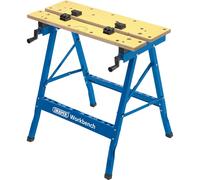 Draper Folding Workbench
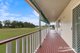 Photo - Villa 206/1 Webster Road, Deception Bay QLD 4508 - Image 2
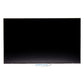 Lenovo 5D10W89583 14.0" Matte FHD IPS Laptop Replacement Screen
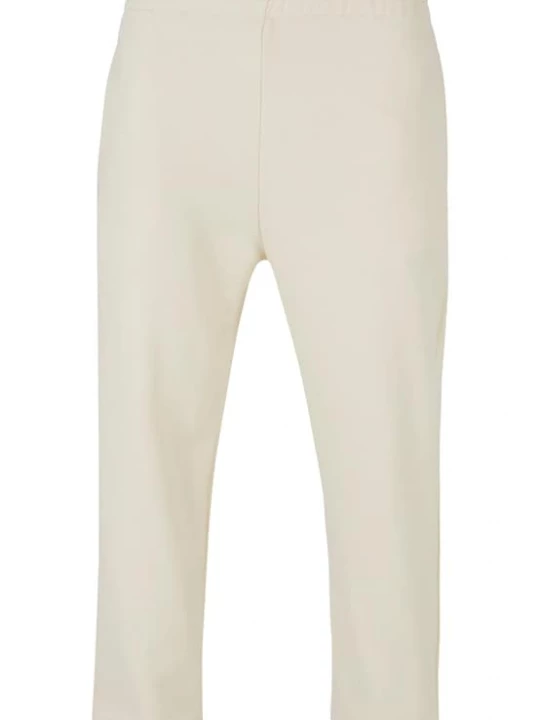 Foto van product Urban Classics Broek ecru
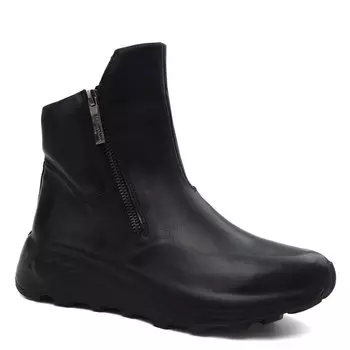 Кроссовки и кеды Maison David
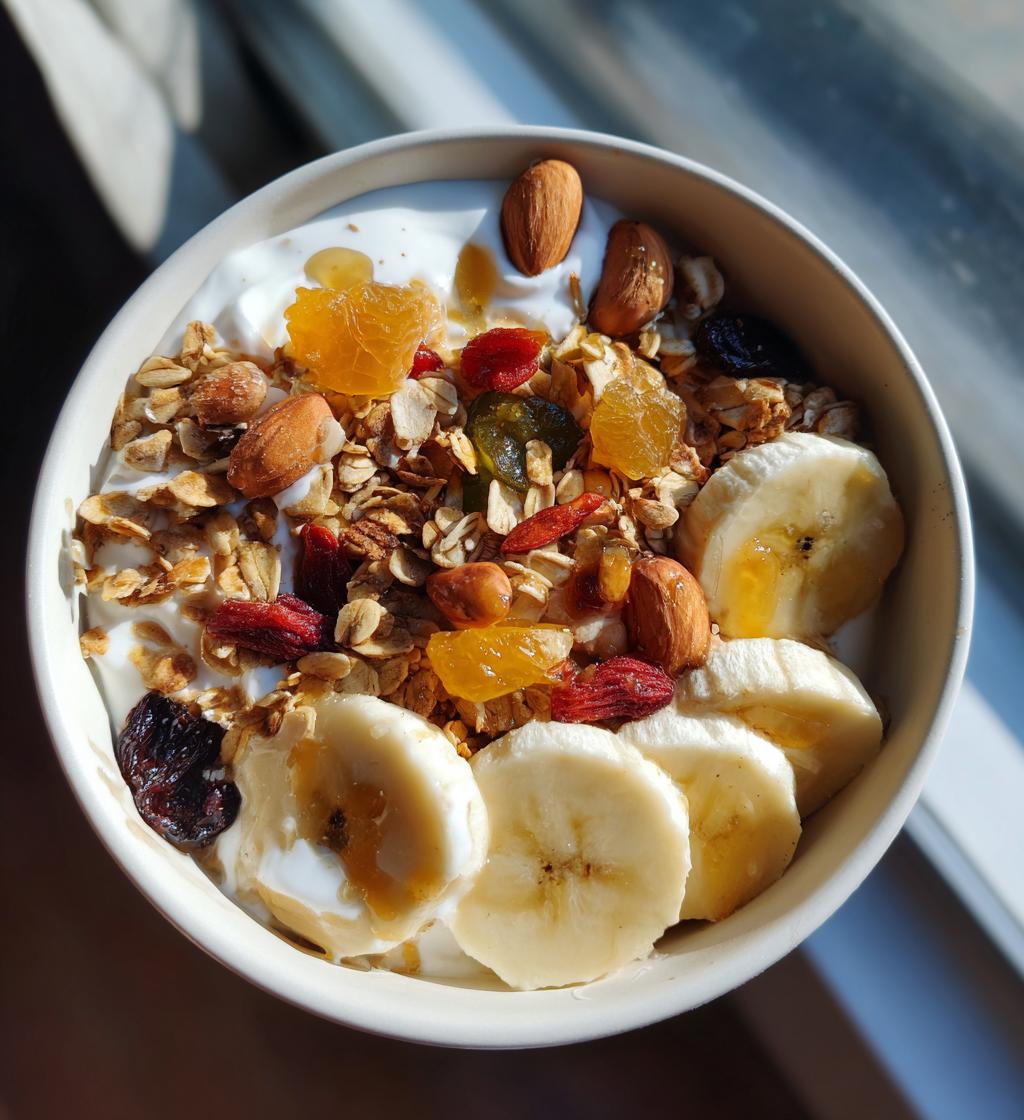 healthy snacks for football players
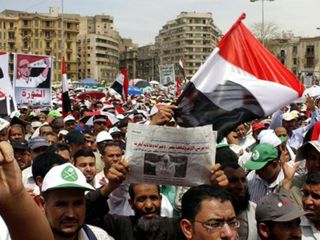 Florida Valisi, CAIR ile Müslüman Kardeşleri 'terör örgütü' ilan etti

GOAL OF THE EXERCISE - Each record above should be returned unchanged, except that the pictures are dropped.

SOLUTION FOR THIS TASK -
 Draper Folding Workbench
 Photo - Villa 206/1 Webster Road, Deception Bay QLD 4508 - Image 2
 Lenovo 5D10W89583 14.0" Matte FHD IPS Laptop Replacement Screen
 Foto van product Urban Classics Broek ecru
 Кроссовки и кеды Maison David
 healthy snacks for football players
 Florida Valisi, CAIR ile Müslüman Kardeşleri 'terör örgütü' ilan etti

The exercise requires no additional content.